Welcome back to Egypt.

 On the boat we had towel sculptures daily.

 Minaret towers usually holding the speakers for the call to prayer.

 Traditional Felucca boat on the Nile.

 The top deck of our boat. We really appreciated the pool in 50c temperatures.

 Let me tell you about papyrus. It is a reed which had the outer stripped off. These strips can be woven for baskets like we would use willow.

 The inner is then cut into slices which are soaked in water. They feel slimey. You then layer them across and up and down on a felt mat.
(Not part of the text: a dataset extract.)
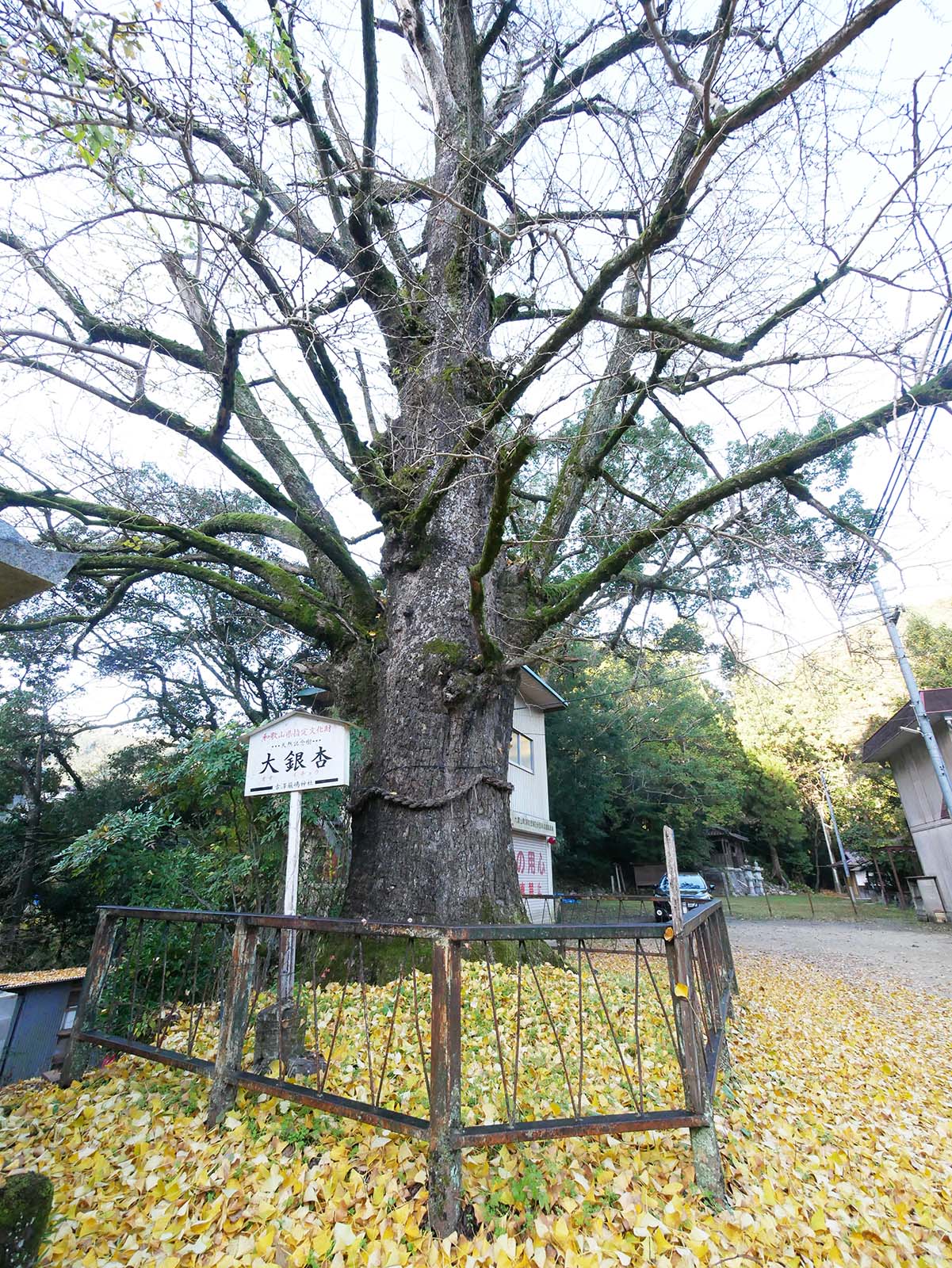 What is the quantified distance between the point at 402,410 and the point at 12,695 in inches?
399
 Cover with another felt mat and press the water from it. When dried it forms a woven parchment surface which is then painted on like the pictures in the background.

 Now to Luxor Temple.

 Pharoah Ramasses II huge head.

 Wearing the double crown of upper and lower Egypt. I think these would’ve been painted originally.

 Closed papyrus columns.

 The real secret of this temple is that it is a temple of 3 religions. See that door way up there? That is the original door to the Mosque. No one knew of the pharonic remains below as the Nile had deposited layer upon layer of silt soil over the site during the annual floods.

 You want to know what the 3rd religion was don’t you? Well it was Christianity. Miraculously some of the Roman wall painting still survives in situ! This scene resembled The Last Supper. It is a shame that they removed a lot of the hieroglyphs on the site.

 A very Roman niche and columns with the remains of painted plaster.

 Here’s a quick panorama of the open courtyard area. The layout is like Karnak only smaller and less complex.

 Pharoah and his wife.

 But look a Roman statue too!

 In the remains of a Roman temple. Suych things don’t survive well in England so I was very excited by this temple.

 The first pylon from the outside with an obilisk in front.

 But look behind you a pharoah headed sphinx.

 Yes this is the other side of the Sphinx Avenue leading to Karnak Temple.

 But it is time to leave Luxor now and head upstream.

 Under bridges,

 Past gloriously decorated boats.

 It almost feels like you are going back in time too: to a glimpse of Pharonic Egypt and the sights the pharoah would’ve seen as he sailed up the Nile.

 The cruise liners dock along side one another so you walk through another boat to get to shore. Unfortunately you keep your curtains drawn in your cabin then because all you can see is straight into someone else’s cabin. See the little boats? They are traders who manage to throw their goods up to the top decks where the tourists haggle a price, having latched on to the big boats when they slow down or have to moor and wait. This is good at Esna Lock as there is only a short time for this to happen so you get some good deals.

 The pool at night.

 Many of the boat horns were tuneful. I wondered if certain tunes meant certain things to the other captains?

 Jacuzzi with a colourful minaret tower.

A peacock for our cabin.

 Now on to the final 5 My Garden Stitcheries.

 I hope to assemble this today.

 A little thank you to Ulla, Grethe and Kigwit for being my 3 ladies for my PIF.

 Something will be with you before the end of the year.